■ STUDY MATERIAL:

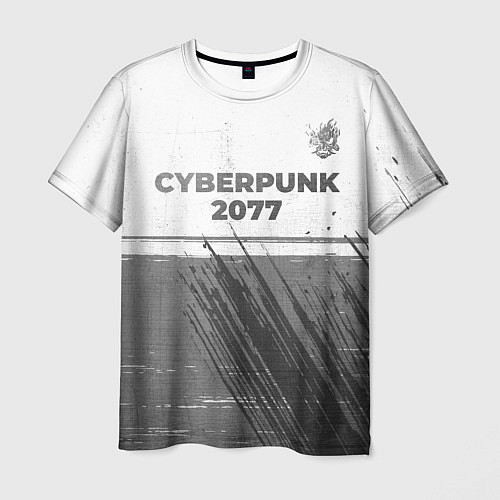 Мужская футболка Cyberpunk 2077 - white gradient посередине / 3D-принт – фото 1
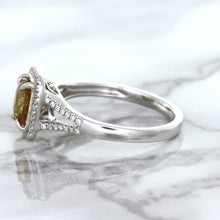 Load image into Gallery viewer, 1.14ct Cushion Unheated Peach Sapphire with Diamond Halo in 18K White Gold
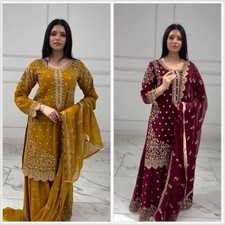 PUNJABI SHARARA PLAZZO KURTI PLAZZO SALWAR KAMEEZ SUIT WOMEN READYMADE DESIGNER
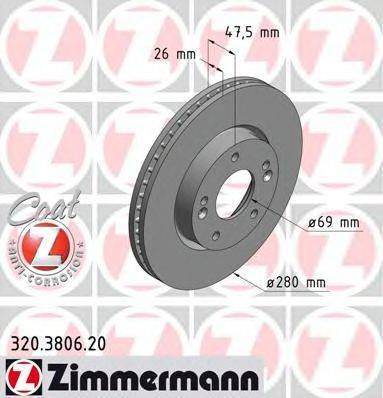 Диск гальмівний ZIMMERMANN 320.3806.20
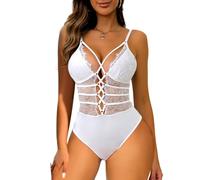 Buitifo Donne Sexy Bodysuit One Piece Babydoll Lingerie Pizzo Teddy Negligee(White,S)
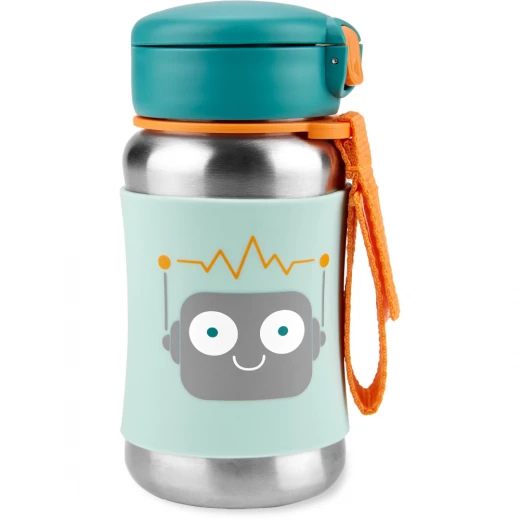 Skip Hop Spark Style Stainless Steel Straw Bottle, Robot Design, 350 Ml Skip Hop Spark Style Stainless Steel Straw Bottle, Robot Design, 350 Ml
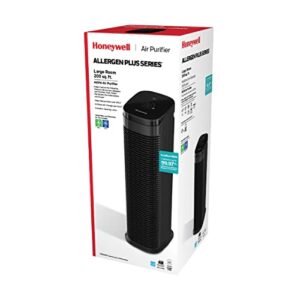 Honeywell AllergenPlus Series Compact HEPA Air Purifier Tower, Allergen Reducer for Large Rooms (200 sq ft), Black - Wildfire/Smoke, Pollen, Pollen, Pet Dander & Dust Air Purifier, HPA175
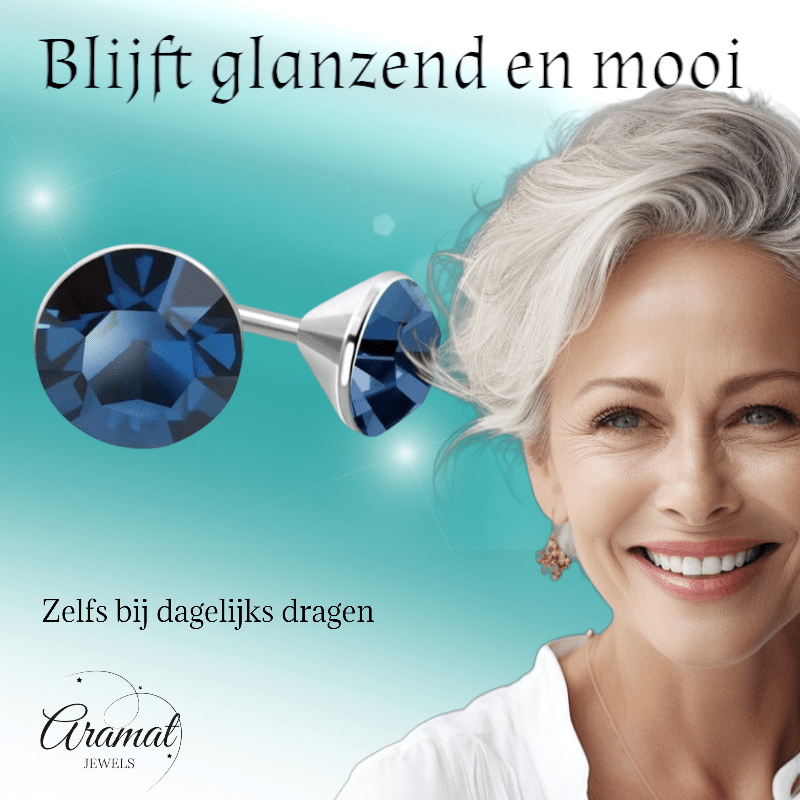 Stalen Kristal Oorbellen met denimblauw steentje – Zilverkleur – 3mm - Aramat Jewels - Oorbellen - cadeautip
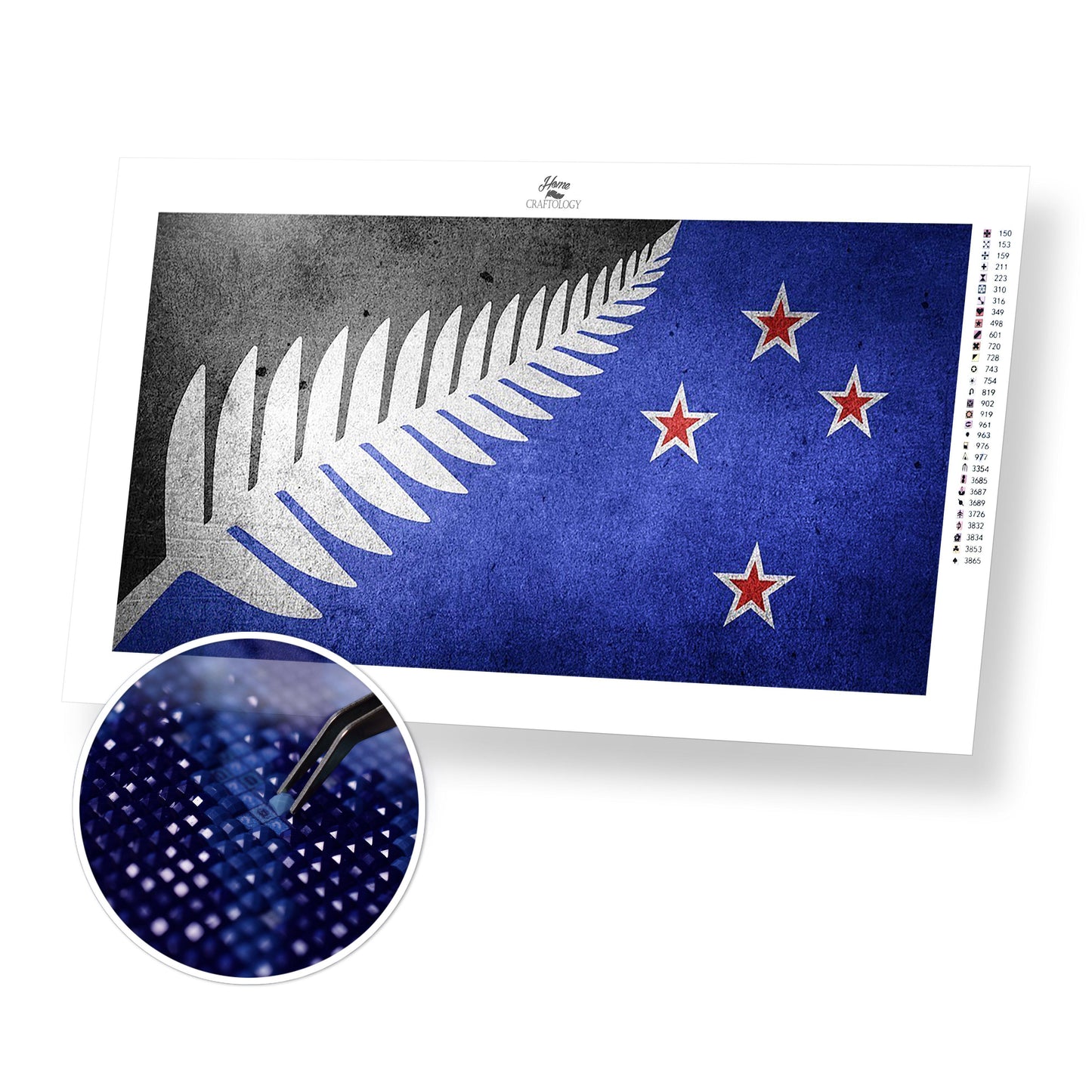 Silver Fern Flag - Premium Diamond Painting Kit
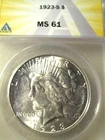 1923-S PEACE SILVER DOLLAR MS61 ANACS "MIRROR FINISH"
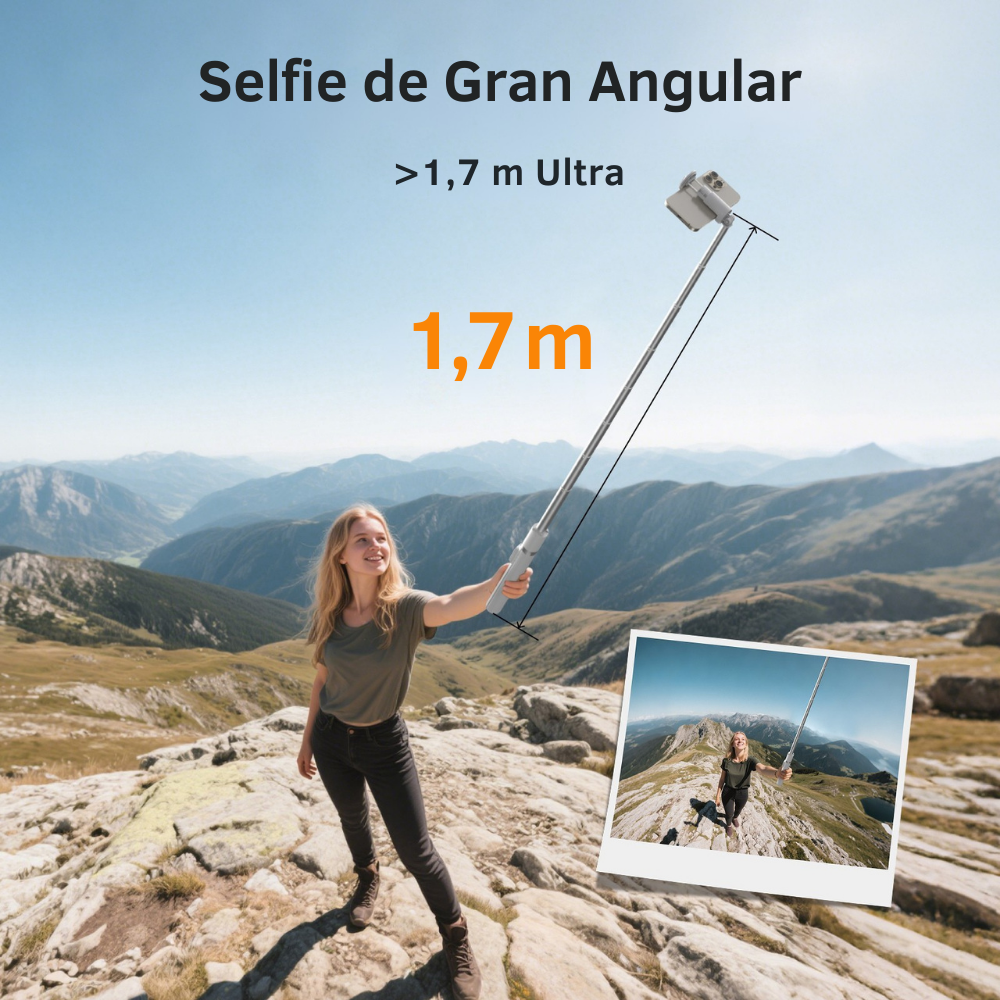 Selfie Stick 1.7m Trípode Apertura Automática Bluetooth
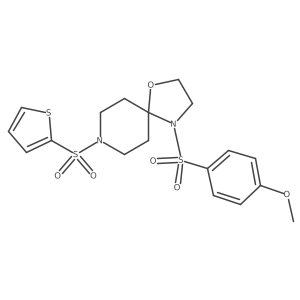 4-((4-Methoxyphenyl)sulfonyl)-8-(thiophen-2-ylsulfonyl)-1-oxa-4,8-diazaspiro[4.5]decane Structure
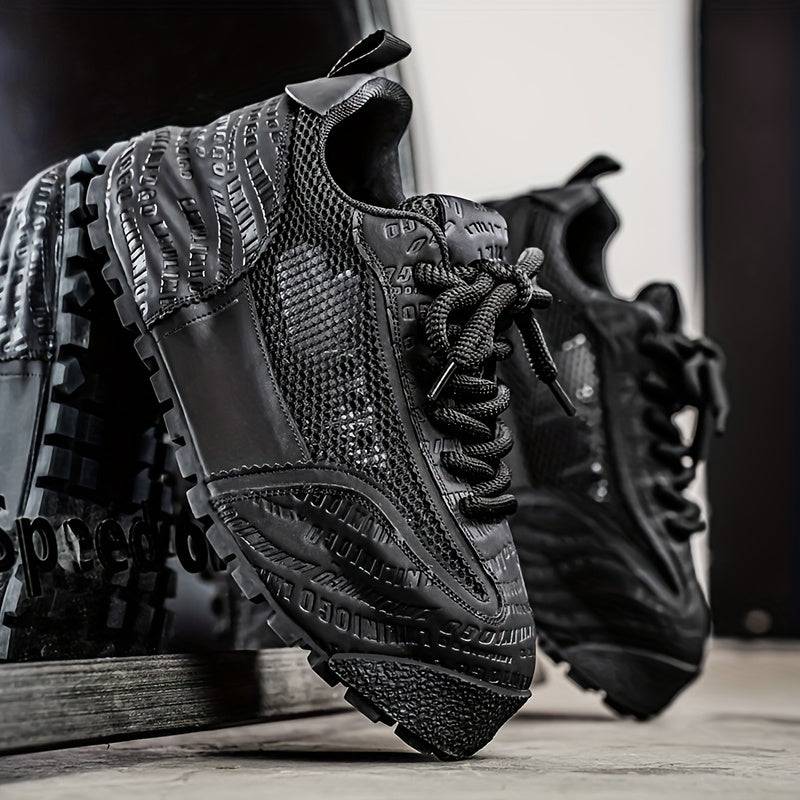 Men's plus size mesh sneakers with lace-up, mid-top, thick non-slip rubber sole, durable PU upper and cushioning, all-season comfort.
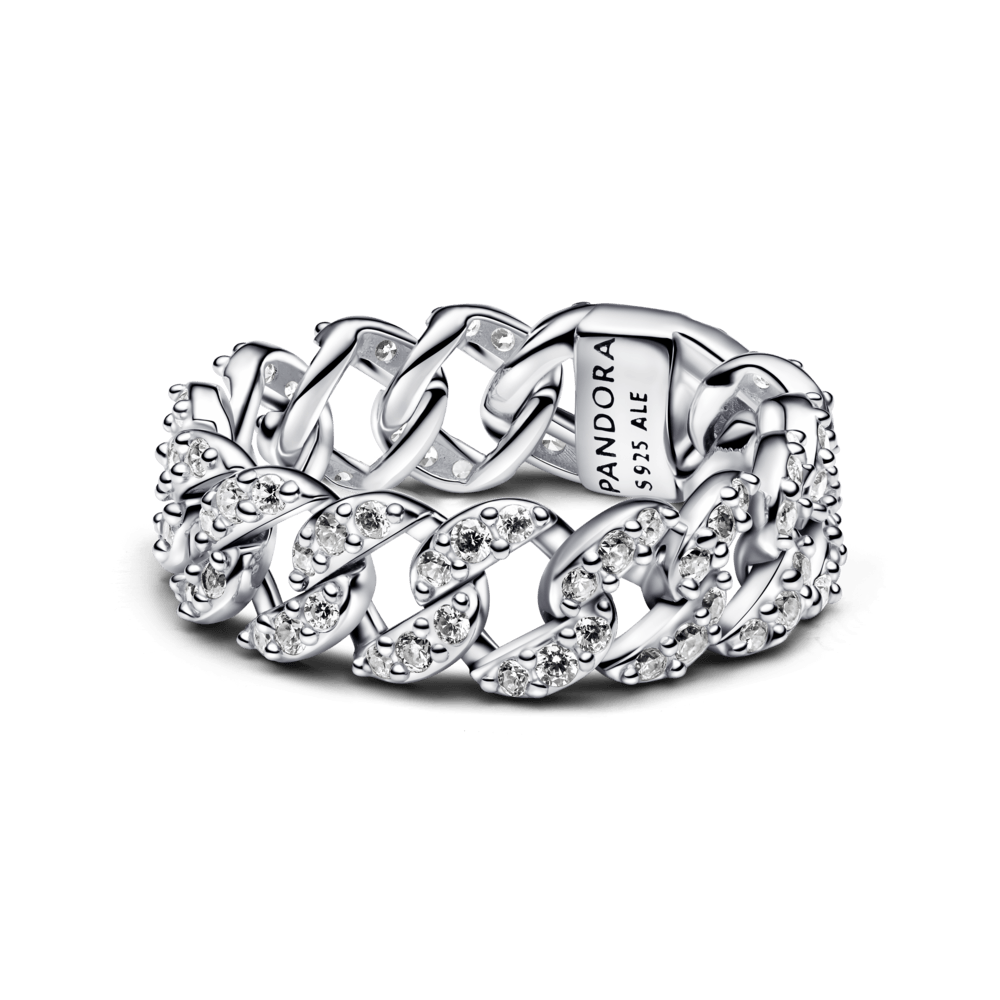 Anillo Cadena Cubana en Pavé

■ HOW TO COMPLETE THIS TASK:
Begin with the line that contains "Selfie Stick 1.7m" and copy every line through the end of the listing, exactly as written, both ends included. Pictures are not part of the copy.

■ SOLUTION TO THIS PROBLEM:
 Selfie Stick 1.7m Trípode Apertura Automática Bluetooth
 4-((4-Methoxyphenyl)sulfonyl)-8-(thiophen-2-ylsulfonyl)-1-oxa-4,8-diazaspiro[4.5]decane Structure
 Men's plus size mesh sneakers with lace-up, mid-top, thick non-slip rubber sole, durable PU upper and cushioning, all-season comfort.
 Anillo Cadena Cubana en Pavé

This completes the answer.